1977年、親日家のデヴィッドボウイが京都の苔の寺を楽曲にして世界に知らしめた

1977年、親日家のデヴィッドボウイが京都の苔の寺を楽曲にして世界に知らしめた

”ピカソは言ったんだ。『盗んだ物は重要ではない。それをどう使うかが重要だ』”

デヴィッドボウイ

世界中が悲しみに包まれ、惜しまれながら2016年に他界したデヴィッドボウイは、大物ロックアーティストの中で屈指の親日家として知られる。

7回もの日本ツアーを行い、たびたび日本に来て、特にお気に入りだった京都を訪れ、創業300年以上続く「俵屋旅館」を定宿として、老舗蕎麦屋「晦庵(みそかあん) 河道屋」の2階の「指定席」で「天ざる蕎麦」を食べ、京都の寺や市場などを回った。

最も有名な写真は、友人でもある写真家・鋤田正義 氏による電車の前で立っている写真で、これはもともと阪急電鉄が公式にツイッターに投稿したものだ。

ボウイは、1960年代に舞踊家リンゼイケンプのダンス・スクールに通っていた頃から日本文化に興味を持ち、舞踊家ケンプが、生徒のボウイに武満徹を聴かせ、日本の伝統芸能、能や歌舞伎を研究した。1970年代には、日本を代表する服飾デザイナー、故・山本寛斎氏と出会い、1973年のジギースターダストや1976年のアラジンセインの衣装は寛斎によってデザインされた。また、ステージでは、歌舞伎の「早替わり」をパフォーマンスに取り入れ、日本の袴にインスパイアされた衣装や、着物にインスパイアされた衣装を好んで羽織り、曲の合間などに早替わりして観客を魅了したのだ。
冒頭に引用したように「どう使うかが重要だ」という考えのもとで、日本文化にインスパイアされ、自身のステージパフォーマンスで使いこなしたのがデヴィッドボウイだ。

もちろん大島渚監督の映画「戦場のメリークリスマス」への出演を記憶している人も多いだろう。北野武氏と坂本龍一氏との共演作品でもある。

宝酒造のCMへの出演、ノエビア化粧品のCMでの楽曲の使用などもあり、大ヒット曲の「レッツダンス」とともに、1980年代に日本で最も顔と名前が知れ渡ったロックスターだった。

そんなデヴィッドボウイが1977年にリリースしたアルバムが「英雄夢語り Heroes」だ。ブライアンイーノとのコラボレーションによってドイツのベルリンで録音・制作され、ジャケットには鋤田正義 氏の写真が使われている。ブライアンイーノの他にもキングクリムゾンのロバートフリップや、ボウイやTレックスのプロデュースで知られるトニーヴィスコンティなどが参加している。
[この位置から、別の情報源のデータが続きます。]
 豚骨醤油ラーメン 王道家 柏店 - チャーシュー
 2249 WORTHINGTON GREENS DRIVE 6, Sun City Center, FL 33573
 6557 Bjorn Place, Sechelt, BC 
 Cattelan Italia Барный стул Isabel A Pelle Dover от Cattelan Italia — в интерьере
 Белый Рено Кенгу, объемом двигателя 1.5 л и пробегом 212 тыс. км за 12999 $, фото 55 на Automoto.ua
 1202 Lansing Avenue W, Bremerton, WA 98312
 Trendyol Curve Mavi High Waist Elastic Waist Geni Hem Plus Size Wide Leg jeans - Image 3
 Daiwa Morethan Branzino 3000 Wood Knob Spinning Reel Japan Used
タイトル曲の「Heroes」は「NMEが選ぶ、デヴィッド・ボウイの究極の名曲」で1位に選ばれている。

そして、このアルバムの中で、最も異色の曲と言っていいのが、9曲めのインストゥルメンタル曲「Moss Garden(苔の寺)」だ。明らかにブライアンイーノによるものとわかるシンセサイザーに重ねて、ボウイが日本のファンクラブの会員からプレゼントされたオモチャの琴を弾いて、和テイストのアンビエントミュージックに仕上がっている。

「苔の寺」とは京都の正伝寺のことだ。海外ミュージシャンが日本をイメージした曲というものは、しばしば大きな勘違いをすることも多いが(例えば、日本風にするつもりで中国のドラを鳴らすなど)、ボウイのこの曲に関しては、的確に日本の寺院の情景と雰囲気をとらえていると言えるのではないだろうか。
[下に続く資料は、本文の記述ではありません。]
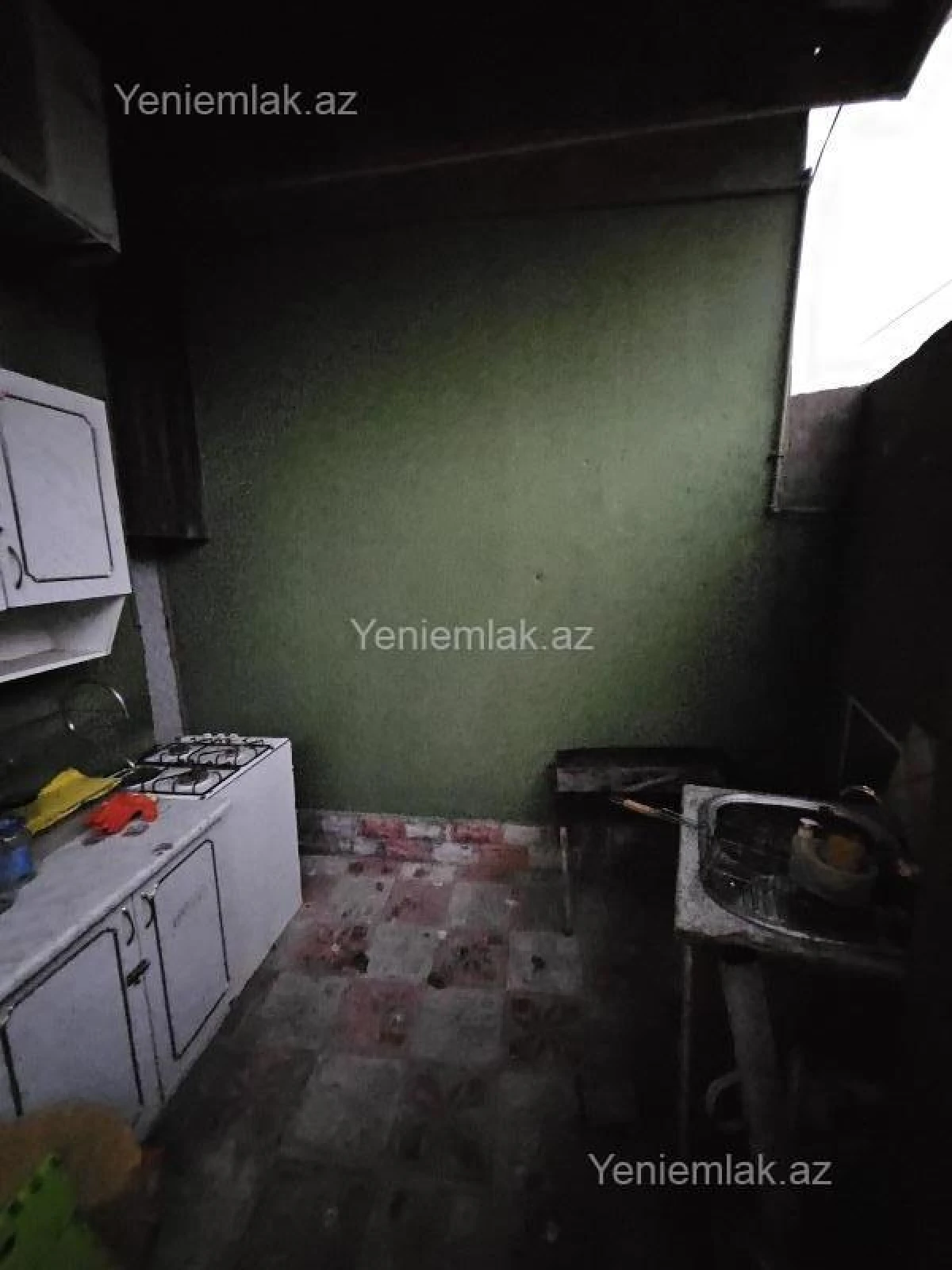 Satılır 6 otaqlı həyət evi 174 m²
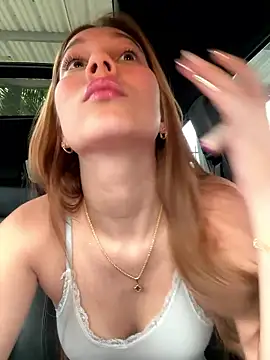 Nikii   online show from January 8, 3:40 pm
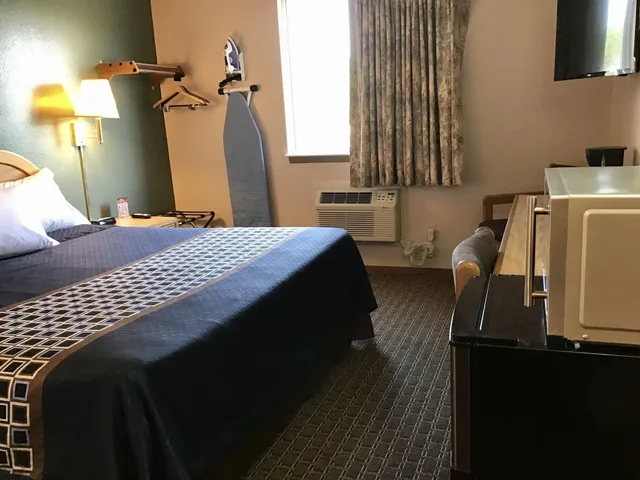 غرفة بسرير كينج، Travelodge by Wyndham Worland 2/7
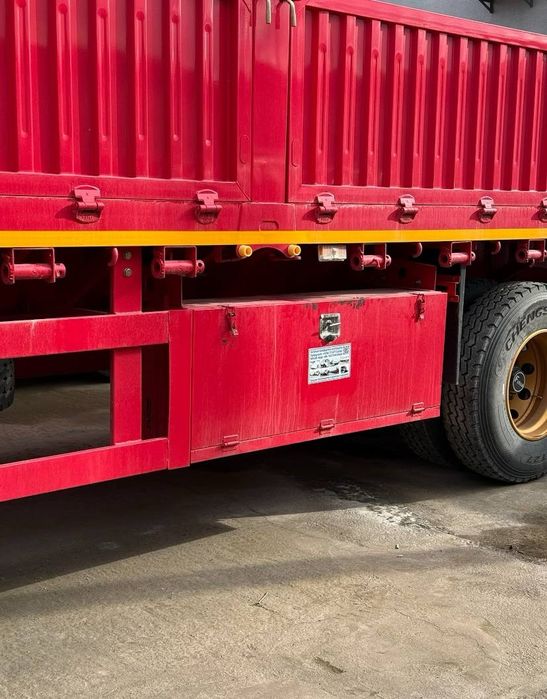 Контейнеравоз ярим тиркама  (полприцеп)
デヴィッドボウイは、その華麗なルックスや、派手なパフォーマンスや、衣装などに目がとらわれ「派手なロックスター」といった印象を持たれがちだが、音楽に対しては実にストイックで先鋭的なものを追及する人だったのだ。そして、その長いキャリアの中で変化していく音楽の中には、日本文化への深い理解からくる独特のエッセンスが入っていたことを、私たち日本人は忘れてはならない。

また、決してマジョリティとはいえないが、デヴィッドボウイの他にも、妻が日本人で軽井沢でよく休日を過ごし靖国参拝までしていたジョンレノンや、三島由紀夫を愛読し空手6段を持つストラングラーズのジャンジャックバーネルのような親日のロックスターがいること、そして彼らがリスペクトした日本の文化を私たち日本人は誇るべきである。